Toshiro slammed down hard on the line. Ichigo stared at the receiver in shock. He was more worried about the sociology report that was due on Wednesday for school! How was he supposed to turn stuff in when he stuck a continent away! This last thought was the least of his worries. The payphone rang, he answered it again.

"Hello? Oh HI . . . there about that ticket home," Ichigo spoke in his most manly pleading voice.

" Forget it Kurosaki," Toshiro drawled, "And I forgot to tell you that from now on Call me Captain Hitsugaiya. Anything less and I shall not speak to you."

"Why you!" Ichigo growled.

Toshiro continued speaking, "You can keep the pass and-"

WHAM!

Ichigo slammed the phone. The phone shattered from his strength. To anyone who couldn't see spirits it look liked the phone exploded. Yes he got his Shinigami powers back. Yes he was, emphasis on was, back on the clock. Problem was his powers took on a poltergeist turn of sorts since he had been out of practice for seventeen months. Even after his spectacular fight with Ginjo, it all went to hell in a hand basket from there.

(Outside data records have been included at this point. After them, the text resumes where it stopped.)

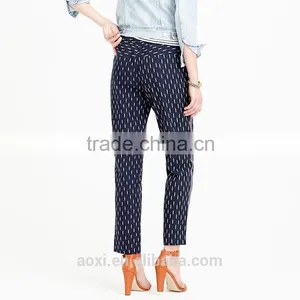 Oem Service Fashion All Over Print Widder Waist Straight Legging Elegant Women Pants 2016 thumbnail-2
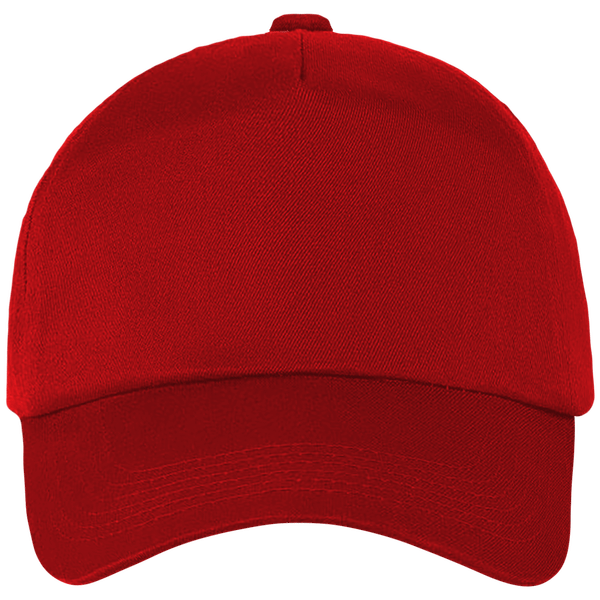 Customizable Fashion Cap In Embroidery And Printing Classic Red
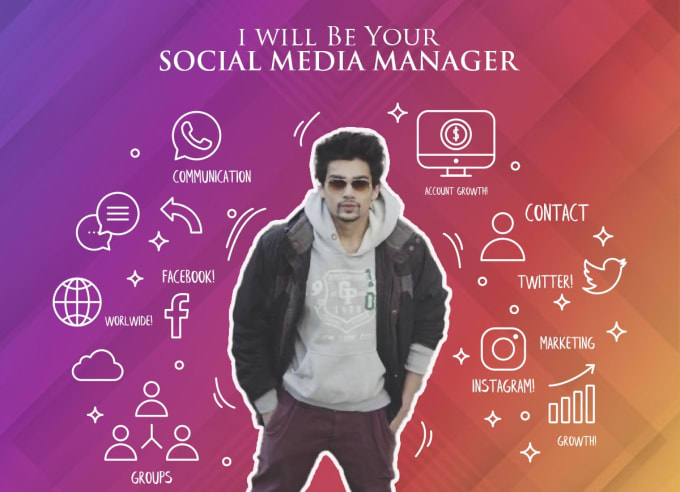 Gig Preview - Be your social media manager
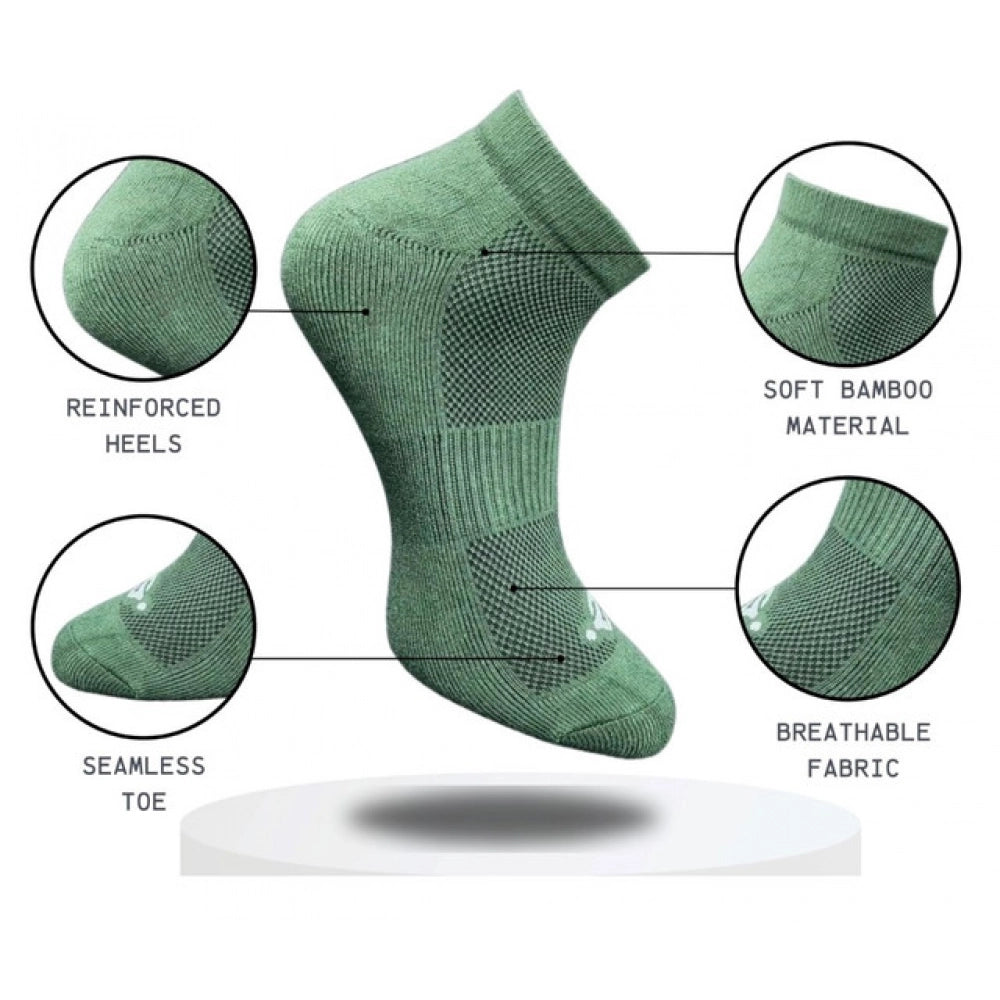3_Pair Set Unisex Casual Cotton Printed Low Cut Socks (Multico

"Oh crud I left my body back by the airport." Ichigo exclaimed in a panic.

He shunshined over and the overload of his Reiatsu sent out an enormous shockwave. Papers went flying everywhere. Every fire hydrant in a thirty foot radius from here to the airport blew their tops to geyser of their own accord. By the time Ichigo arrived to the airport it was already too late. News crew had called a hearse for the "Boy Who Died Standing."

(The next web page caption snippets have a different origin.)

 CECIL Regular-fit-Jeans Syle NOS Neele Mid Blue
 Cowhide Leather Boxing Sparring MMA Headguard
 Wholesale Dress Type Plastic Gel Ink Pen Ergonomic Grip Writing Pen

"And on other news tonight," voiced the TV reporter.

The "Stand-up Dead Boy" suddenly popped open his eyes and jumped out of the moving vehicle. Hearse drivers slammed on their breaks. News crew followed the skinny kid who stampeded up to the front desk saying . . .

"One airline ticket to Karakura Town please."

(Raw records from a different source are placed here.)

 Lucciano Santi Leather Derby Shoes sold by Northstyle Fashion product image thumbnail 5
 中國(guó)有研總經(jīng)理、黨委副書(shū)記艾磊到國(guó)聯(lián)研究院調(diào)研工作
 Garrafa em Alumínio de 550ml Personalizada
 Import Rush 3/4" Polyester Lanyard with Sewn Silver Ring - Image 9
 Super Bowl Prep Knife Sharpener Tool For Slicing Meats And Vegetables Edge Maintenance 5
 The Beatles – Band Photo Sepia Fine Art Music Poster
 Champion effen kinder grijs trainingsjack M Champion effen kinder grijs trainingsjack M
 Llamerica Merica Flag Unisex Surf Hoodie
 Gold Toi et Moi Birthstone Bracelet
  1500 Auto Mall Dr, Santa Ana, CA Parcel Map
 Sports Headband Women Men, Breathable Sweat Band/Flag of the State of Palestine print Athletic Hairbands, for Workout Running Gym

Ichigo could be seen twenty minutes later ducking the news crew by taking off the jacket of his school uniform.

"Well at least I couldn't get called out on my hair," Ichigo snickered to himself as he passed by one teen his age. He didn't know which was louder the Tie-Dye-Tee or the neon green Mohawk sported on the man's bald head. In fact just about every passerby was so colorful that his own grey school uniform just blended in. Everything from the office worker to the rock star walked there.

"Okay, blending in; no big deal," Ichigo scoffed, he opened his wallet only to find moths flying out, "Money . . . a problem."

Ichigo wanted to cry. He only had enough money for a burger and fries in yen and maybe a shirt. He couldn't afford a plane ticket and sleeping on the streets? Out of the question! Problem is he was broke and he got fired from a job that didn't even pay him anything. What else could go wrong?

"OH MY GOSH! It's the Stand-up Dead Boy!" A little girl joyously screamed.

"Ah crud!" Ichigo groaned.

And here he went again running like his life depended on it.


Author's Note

This thought has been in my head and I've already got several chapters done. Just editing them so that they can be useful.